As previously indicated, Heil supports, in part, and opposes, in part, the City's motion.

CPLR 3211(a)(7)

When reviewing a motion to dismiss a complaint for failure to state a cause of action, the Court “must accept as true the facts as alleged in the complaint and submissions in opposition to the motion, accord plaintiffs the benefit of every possible favorable inference and determine only whether the facts as alleged fit within any cognizable legal theory” (Sokoloff v. Harriman Estates Dev. Corp., 96 N.Y.2d 409, 414, 729 N.Y.S.2d 425, 754 N.E.2d 184;see Wildman v. Rosenthal, 40 A.D.3d 749, 834 N.Y.S.2d 862).

CPLR 3212

Summary judgment is a drastic remedy that should be granted only if no triable issues of fact exist and the movant is entitled to judgment as a matter of law ( see Rotuba Extruders v. Ceppos, 46 N.Y.2d 223, 413 N.Y.S.2d 141, 385 N.E.2d 1068;Herrin v. Airborne Freight Corp., 301 A.D.2d 500, 753 N.Y.S.2d 140). On a motion for summary judgment, the function of the court is issue finding, not issue determination ( see Weiner v. Ga–Ro Die Cutting, 104 A.D.2d 331, 479 N.Y.S.2d 35,affd65 N.Y.2d 732, 492 N.Y.S.2d 29, 481 N.E.2d 569). In making such an inquiry, the proof must be scrutinized carefully in the light most favorable to the party opposing the motion ( see Glennon v.
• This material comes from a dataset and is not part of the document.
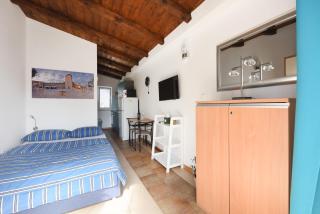 Studio Apartman Gana - Zadar - 0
Mayo, 148 A.D.2d 580, 540 N.Y.S.2d 190). To prevail upon the motion, the moving party must present prima facie evidence of its entitlement to judgment as a matter of law (Alvarez v. Prospect Hosp., 68 N.Y.2d 320, 324, 508 N.Y.S.2d 923, 501 N.E.2d 572). Upon its failure to do so, the motion will be denied. Once a prima facie showing has been made, however, the burden shifts to the party opposing the motion to produce competent evidence demonstrating the existence of triable issues of fact (Zuckerman v. City of New York, 49 N.Y.2d 557, 562, 427 N.Y.S.2d 595, 404 N.E.2d 718). In this regard, “mere conclusions, expressions of hope or unsubstantiated allegations or assertions are insufficient” to raise a triable issue ( id. at 562, 427 N.Y.S.2d 595, 404 N.E.2d 718). Thus, summary judgment is only appropriate where the movant's initial burden of proof has been satisfied, and the opposing party has failed to adduce competent evidence demonstrating the presence of a genuine issue of material fact (Persaud v. Darbeau, 13 A.D.3d 347, 786 N.Y.S.2d 196).

Strict Products Liability

It is beyond doubt that a party injured as a result in a defect in a product may seek relief against the manufacturer or others within the distribution chain if said defect was a substantial factor in causing the injury ( see Speller v. Sears, Roebuck & Co., 100 N.Y.2d 38, 41, 760 N.Y.S.2d 79, 790 N.E.2d 252). For the sake of simplicity, the three generally recognized categories of defects which will support a recovery are (1) a mistake in manufacturing, (2) improper design, and (3) inadequate or omitted warnings regarding the use of the product ( see Robinson v. Reed–Prentice Div. of Package Mach. Co., 49 N.Y.2d 471, 478, 426 N.Y.S.2d 717, 403 N.E.2d 440;accord Liriano v. Hobart Corp., 92 N.Y.2d 232, 677 N.Y.S.2d 764, 700 N.E.2d 303). Here, plaintiffs have alleged all three categories of defects.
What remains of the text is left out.